### WHAT IS NEEDED
All that is needed is the run of lines from the top of the entries to the line with "Emplacement Grand: Voiture", that line included, repeated exactly and free of pictures.

### INPUT DATA
# # # #

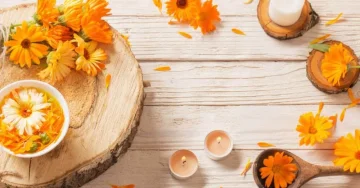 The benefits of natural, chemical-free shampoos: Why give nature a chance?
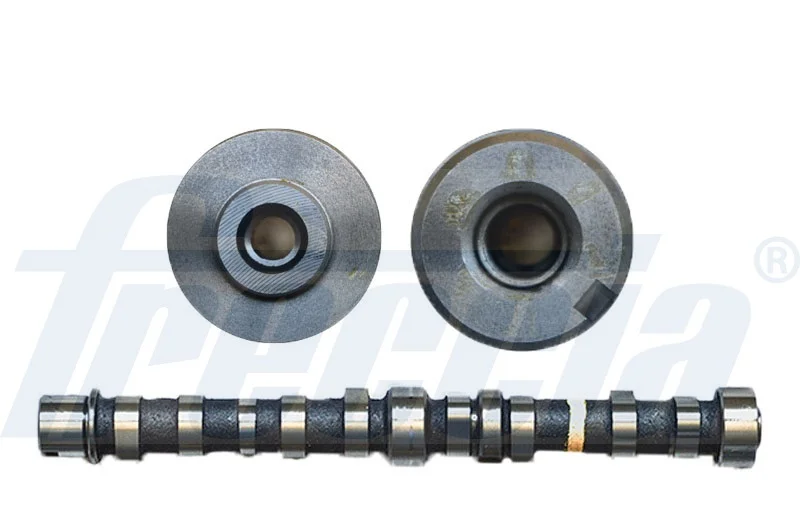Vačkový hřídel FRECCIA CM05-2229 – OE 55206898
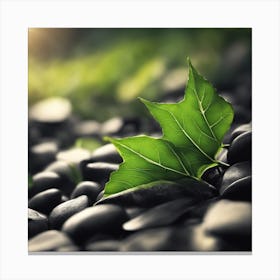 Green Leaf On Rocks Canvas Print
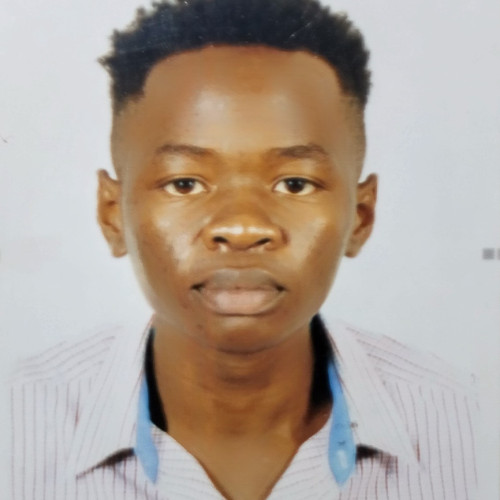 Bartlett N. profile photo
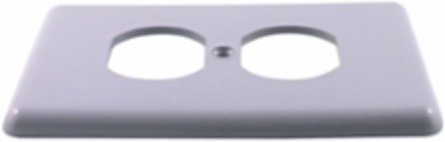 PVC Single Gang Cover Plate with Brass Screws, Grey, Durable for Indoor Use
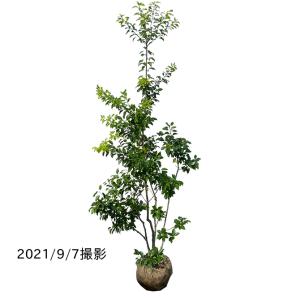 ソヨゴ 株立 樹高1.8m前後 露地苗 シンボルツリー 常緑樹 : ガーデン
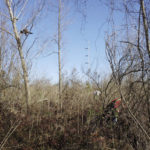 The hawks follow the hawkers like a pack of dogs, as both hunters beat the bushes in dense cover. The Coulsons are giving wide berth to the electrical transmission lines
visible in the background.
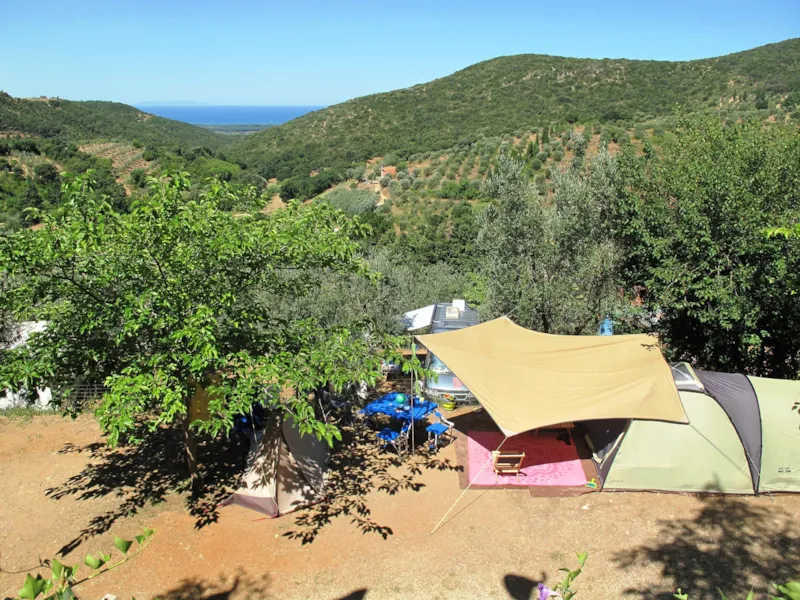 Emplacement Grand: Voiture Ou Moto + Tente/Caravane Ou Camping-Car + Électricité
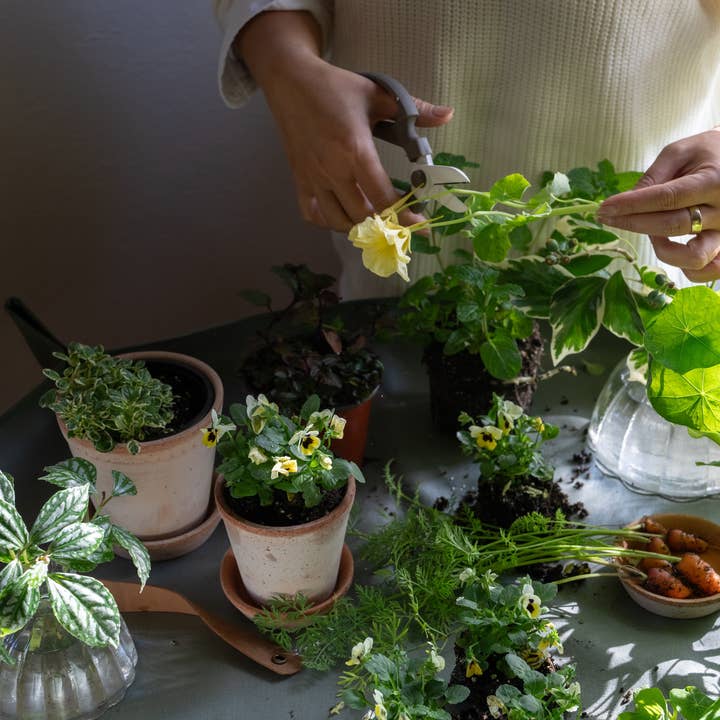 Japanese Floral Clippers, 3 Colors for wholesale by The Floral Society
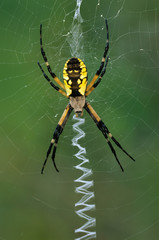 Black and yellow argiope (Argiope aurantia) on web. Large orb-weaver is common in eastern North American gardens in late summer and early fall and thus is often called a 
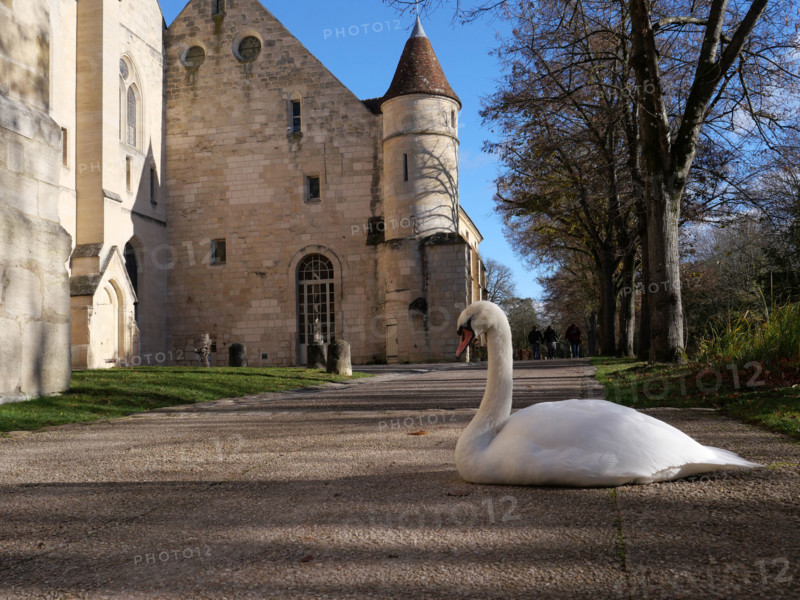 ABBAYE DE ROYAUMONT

# # # #

### ANSWER TO THIS PROBLEM
 The benefits of natural, chemical-free shampoos: Why give nature a chance?
Vačkový hřídel FRECCIA CM05-2229 – OE 55206898
 Green Leaf On Rocks Canvas Print
 Bartlett N. profile photo
 PVC Single Gang Cover Plate with Brass Screws, Grey, Durable for Indoor Use
 ソヨゴ 株立 樹高1.8m前後 露地苗 シンボルツリー 常緑樹 : ガーデン
 The hawks follow the hawkers like a pack of dogs, as both hunters beat the bushes in dense cover. The Coulsons are giving wide berth to the electrical transmission lines
visible in the background.
 Emplacement Grand: Voiture Ou Moto + Tente/Caravane Ou Camping-Car + Électricité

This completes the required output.